Достоевский не отказывается от характерных для русской литературы рефлектирующих героев гамлетовского типа. Для него главное, чтобы они при всех внутренних потрясениях и кризисных ситуациях, в которые ставит их жизнь, преодолели узость сугубо антропоцентрического мышления. Писателю невыносимо безбожие в человеке, и никакой высокий полет мысли и вызывающий всеобщее восхищение незаурядный разум не компенсируют непризнание бессмертия души. Неслучайно так гневно обрушивается писатель на роман И.С. Тургенева «Дым»: «Эту книгу, – заключает он, – надо сжечь рукою палача». Ему претят гордыня и самоуверенность выведенных там автором людей высшего типа, и он в данном случае вполне солидарен со своим вечным антагонистом Л.Н. Толстым, с неодобрением отозвавшемся о том же произведении, найдя, что в нем нет ни к чему почти любви.

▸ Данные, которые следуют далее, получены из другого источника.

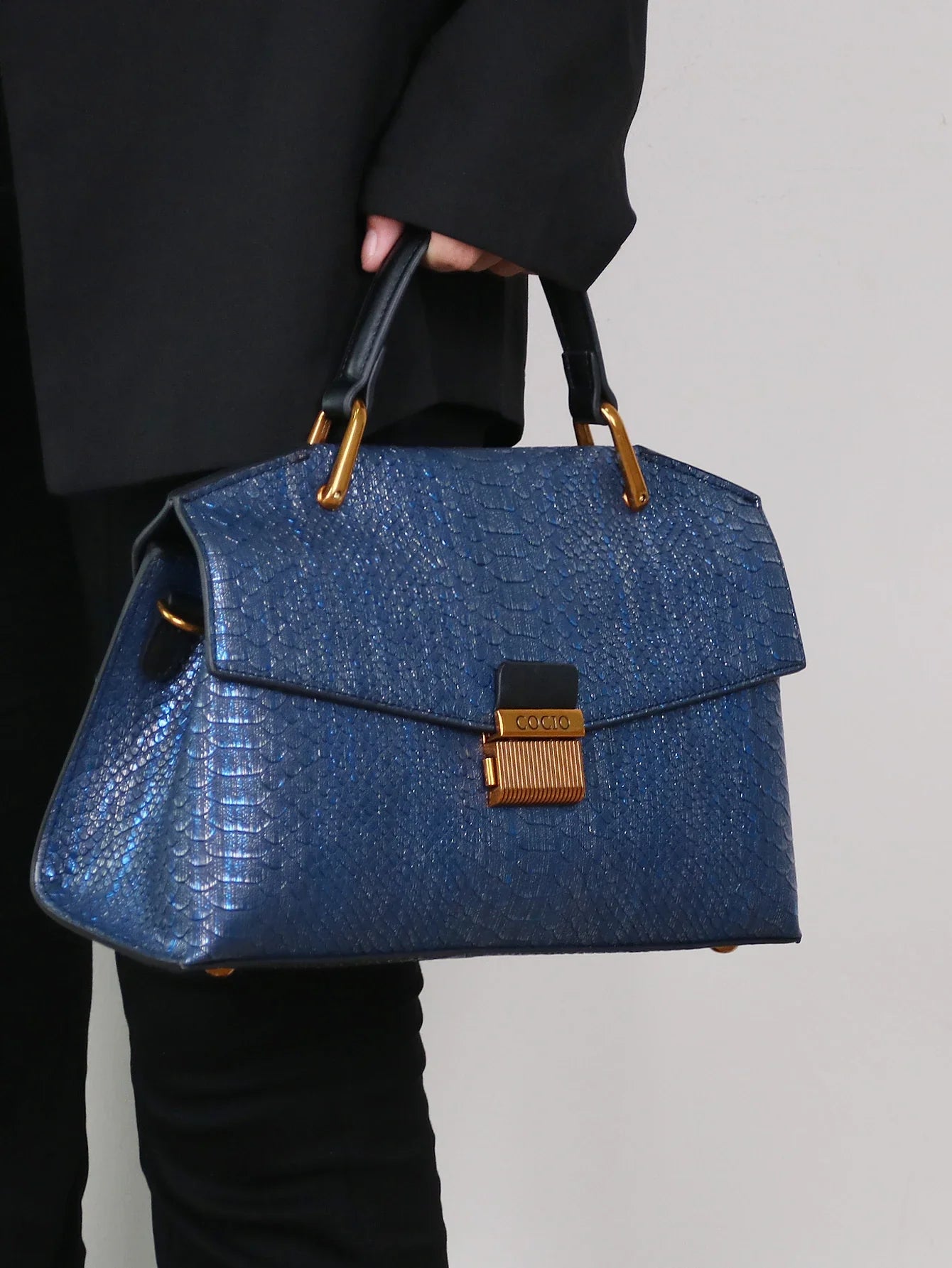 Textured Snake Pattern Tote Bag
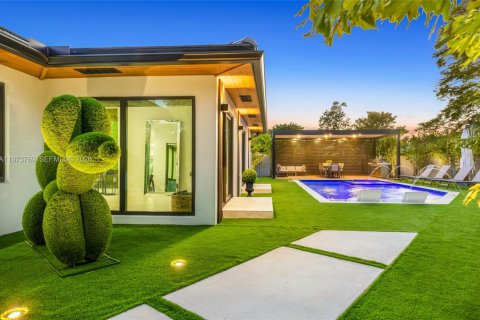 House in Miami, Florida 5 bedrooms, 238.29 sq.m. № 2038598 - photo 5
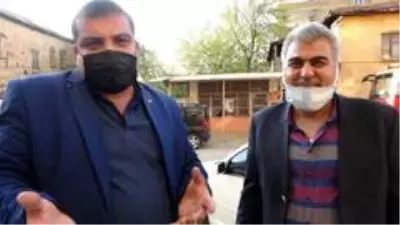 Evi yanan Suriyeli kadının imdadına İHA muhabirleri koştu Evi yanan Suriyeli kadının imdadına İHA muhabirleri koştu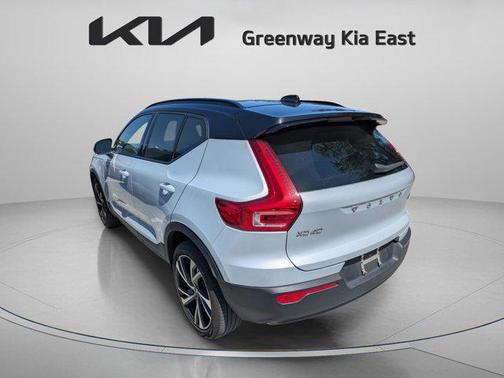 2022 Volvo XC40 T5 R-Design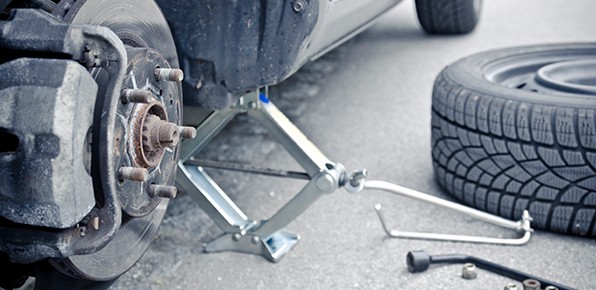 Vehicle-on-Jack-Tire-Off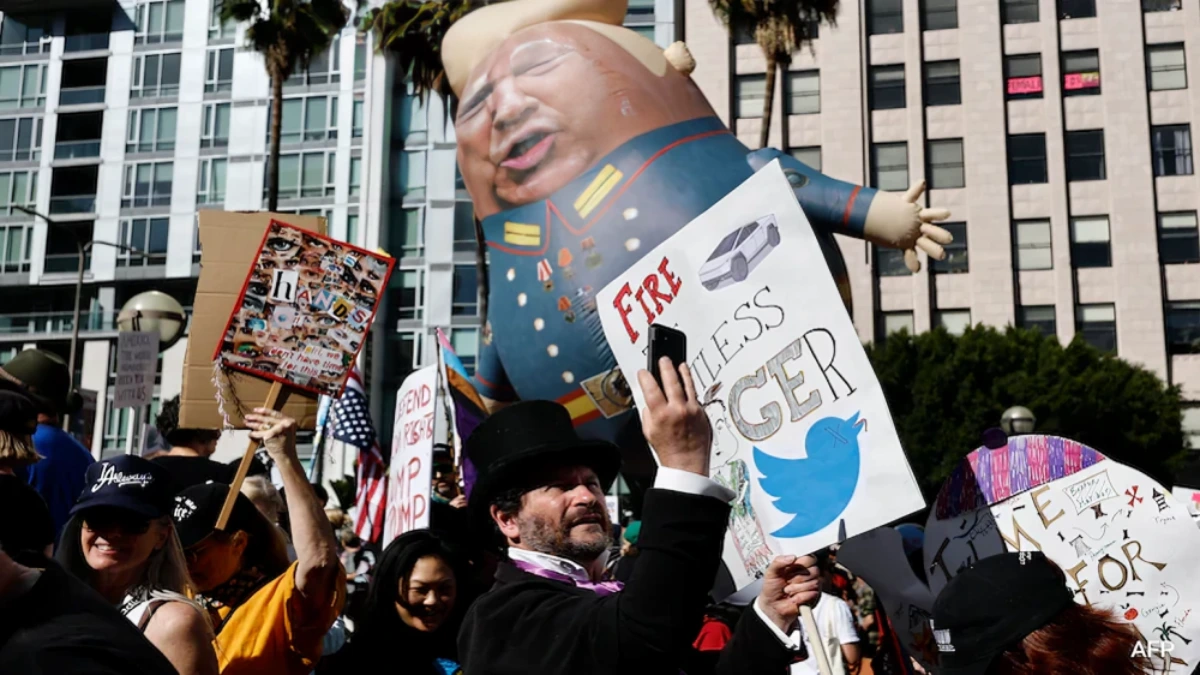 'हैंड्स ऑफ' आंदोलन: ट्रंप विरोधी प्रदर्शनों की गूंज अमेरिका से यूरोप तक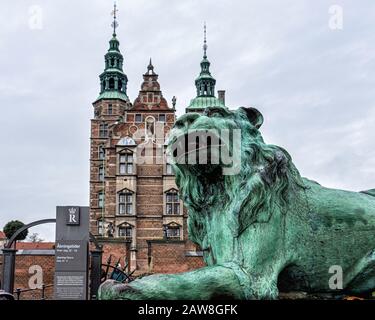 Hvilende loever, L'Un des Deux Lions Au Repos. Sculptures en bronze dans le jardin du roi au château de Rosenborg, Copenhague, Danemark Banque D'Images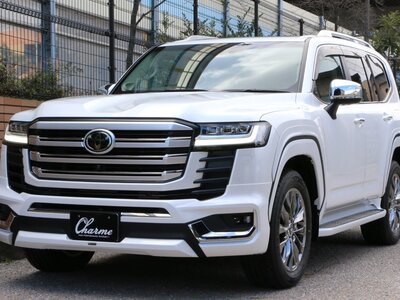 TOYOTA LAND CRUISER 300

Вера для Достоевского – главная святыня. «Без высшей идеи, – провозглашает он, – не может существовать ни человек, ни нация. – Высшая идея на земле лишь одна и именно – идея о бессмертии души человеческой, ибо все остальные «высшие идеи» жизни, которыми может быть жив человек, лишь из нее одной вытекают» (24, 48). Не углубляясь в эсхатологическое измерение христианства, тем не менее есть смысл прояснить, что значит «быть во Христе», процитировав отрывок из эссе А. Кырлежева:
…говоря об эсхатологии, мы никак не можем удовлетвориться ни «горизонтальным» образом грядущего на облаках Христа, пришедшего второй раз, чтобы закончить историю, ни «вертикальным» образом Его мистического присутствия здесь и теперь, к которому нам лишь надо пробиться (что иногда представляют в образе благодати-энергии, которую нужно стяжать, то есть присвоить и усвоить). Эсхатология – событийна, потому что именно событие – эсхатологично. Быть «во Христе» – это значит уже оказаться в конце и при этом всегда быть в начале. Всегда пребывать в эсхатологическом ожидании («бодрствовать и трезвиться») и поэтому быть готовым идти от события к событию: от начала – к концу, которое становится новым началом. Говоря словами Алена Бадью, событие «принуждает нас решиться на новый способ быть». И возможно, лучший евангельски-христологический образ эсхатологического – это хождение Христа по водам… А лучший образ, подтверждающий нашу способность к эсхатологическому способу бытия, но одновременно указывающий на опасность выпадения из эсхатологического, – хождение по водам апостола Петра…[301]
При всей условности деления эсхатологии на горизонтальную (она проясняет отношения Бога и человека в истории народов) и вертикальную (она проясняет прямые связи между Богом и индивидом) она подводит к пониманию того, что наши чувства сами по себе никого не спасут. Не следует только страдать – надо действовать. И тут вступает в силу чудо молитвы, которая служит несущей духовный свет опорой.